“What am I myself here doing?”: Revisiting Henry in Dublin
“So Ireland and Yeats were no accidental choice”, John Montague wrote in 1974 in what is finally an appallingly self-applauding account of his relationship with John Berryman. Montague’s essay, ‘Henry in Dublin’, which focuses on Berryman’s time in Dublin from September 1966 until June 1967, engages in the most disturbing kind of myth-making, suggesting that the Northern Irish poet was significantly more than a passing acquaintance of Berryman’s on the one hand, while dangerously reaffirming the remarkably naïve claim that the visiting “Moïse Américain” was a “positively happy” chronic alcoholic on the other. Montague’s account and others like it tell the kind of tale one might expect to hear from any of the numerous “unmajestic characters” Denis Donoghue has suggested Berryman met all too frequently during his sojourn in Dublin. These accounts of ‘Henry in Dublin’ elide the disillusionment that underpinned Berryman’s final experience of the Hibernian metropolis.

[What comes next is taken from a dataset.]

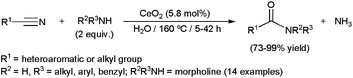 CeO2-promoted hydrolytic amidation of nitriles with amines in water.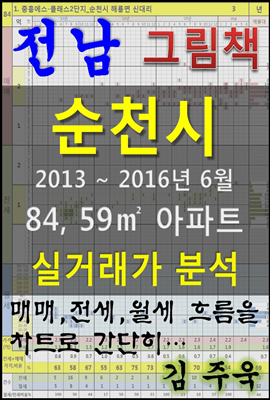 전남 순천시 84, 59㎡ 아파트 매매, 전세, 월세 실거래가 분석 (2013 ~ 2016.6월)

“After thirty Falls I rush back to the haunts of Yeats/ & others”, Berryman wrote in Dream Song 281 (‘The Following Gulls’), remembering his first trip to Dublin in 1937. A little after seven in the morning on the third of April 1937, “fifteen minutes after a most uncomfortable and entirely sleepless night on the Liverpool boat”, in a letter not included in Richard J. Kelly’s invaluable We Dream of Honour (1988), Berryman wrote to his mother from the Phoenix Park Hotel in Kingsbridge, “I’m determined that Dublin shall be fascinating and I shall set out about time to prove it”. By the time he left Dublin after his return visit in 1966 Berryman certainly had put the Irish capital at the centre of his protagonist Henry’s (precarious) free state, where the “majestic Shade” of Yeats presided as a ghostly chief magistrate. But did he really rush back to Dublin and “the haunts of Yeats”? Three years prior to his 1966 transatlantic trip Berryman was altogether uncertain about the suitability of Dublin for a year’s sabbatical leave from his teaching duties as Professor of Humanities at the University of Minnesota. Among the “BAD” things about Dublin as a possible location for the trip he had been planning as early as 1963, according to entries in one of his diaries for that year, was the fact that there was “no Sh.[akespeare collection]” of any significance there. Money was an important consideration too. Given the (previously unpublished) evidence from his 1963 diary, one realises that Berryman finally decided to spend the year in Dublin not because he wanted to “have it out” with Yeats, as he would write in Dream Song 312 (“I have moved to Dublin to have it out with you,/ majestic Shade”); rather, Dublin was “CHEAP; English spoken, [and it was] n[ea]r London & [the] continent”.
Proximity to London was important for a number of reasons but primarily because it was still, as far as Berryman was concerned, the centre of contemporary poetry it had been when he lived in Cambridge as a visiting Kellett Scholar thirty years earlier. Regarding the contemporary Irish scene, of which John Montague was a rising star, Berryman wondered on the same page of his diary, “[a]re there any Irish poets of interest?” Three years later, having arrived in Ireland in the same year that Montague published the first section of The Rough Field as a Dolmen chapbook, Berryman remained largely indifferent to and unimpressed by the local talent. As he put it in one unfinished and until now unpublished Dream Song fragment written while he was living in Dublin (which is prefaced in the MS by the remark, “In 10 min. you present yr. life’s work. OK. Ugh”):
All these poets! Holy God!
Many are drunk & some are odd.
What am I myself here doing
when I could be off & doing?
Fragments of poems such as this, selected from the thirty-six linear feet of papers that constitute Berryman’s vast manuscript collection in the University of Minnesota, offer an extremely valuable insight into Berryman’s life and work and, moreover, new perspectives on some particularly important periods of his tragically shortened career, such as his trip to Dublin in 1966-7.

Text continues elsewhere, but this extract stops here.